David Lynch, cinéaste aussi dérangeant qu’accompli, scénariste, acteur, peintre, musicien et photographe, a réalisé 10 films entre 1977 et 2006, qui, chacun à leur manière, ont laissé une empreinte dans l’histoire récente du cinéma américain, et influencé une tripotée de réalisateurs dans cette mouvance surréaliste qui lui a valu un Lion d’Or d’honneur à Venise en 2006 pour sa carrière. Le top qui va suivre est purement subjectif et ne représente pas bien sûr l’avis de toute la rédaction de MovieRama.

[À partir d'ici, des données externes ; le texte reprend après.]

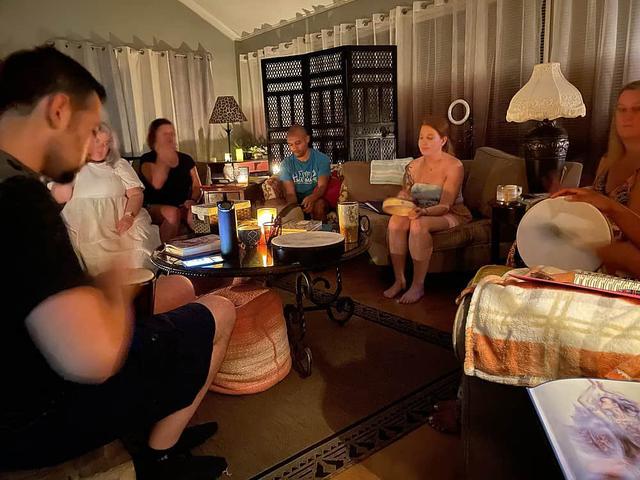 3 Retret Penyembuhan Energi Dukun & Detoksifikasi Harian di Virginia, AS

10. Une histoire vraie (1999)
Petit OVNI de sa filmographie, de par sa narration limpide et son ambiance touchante et loin du bizarre auquel le réalisateur nous avait habitué, ce road-movie raconte l’histoire d’Alvin, 73 ans, qui après une chute l’obligeant à utiliser une deuxième canne, apprend que son frère, avec qui il est fâché depuis 10 ans, a été victime d’une attaque. Problème : il habite le Wisconsin et Alvin n’a plus de permis de conduire valide. Il se résout à prendre la route sur son micro-tracteur tondeuse à gazon pour parcourir les 240 miles (386 kilomètres) qui le séparent de son frère. Un récit simple et touchant, ponctué de rencontres qui l’amèneront à faire le point sur les grands évènements de sa vie, et qui se veut l’éloge de la lenteur dans un monde qui va trop vite, où seules quelques touches d’effets sonores bien sentis ou de mouvements de caméra caractéristiques rappellent que David Lynch est derrière la caméra.
9. Inland Empire (2006)
Dernier long-métrage en date du cinéaste, Inland Empire (qui est aussi le nom d’un quartier de la cité des anges, et donc dernier film de la trilogie de Los Angeles après Mulholland Drive et Lost Highway) raconte l’histoire très décousue de Nikki Grace (Laura Dern), actrice, épouse d’un homme fortuné, qui attend avec impatience de savoir si elle a été sélectionnée pour un rôle dans une nouvelle production hollywoodienne. Une voisine énigmatique lui rend visite et lui prédit qu’elle sera acceptée. Le lendemain, elle reçoit un appel qui lui annonce qu’effectivement elle est retenue pour le rôle mais il s’avère que le film est maudit, le tournage précédent ayant été annulé après que les deux comédiennes principales ont été assassinées. Cauchemar hollywoodien, film expérimental, difficile d’accès, à l’intrigue éclatée, qui incarne dans toute sa splendeur ce qui peut rebuter certains spectateurs à pénétrer l’univers sombre et onirique du réalisateur. En somme, l’exact opposé d’Une Histoire Vraie.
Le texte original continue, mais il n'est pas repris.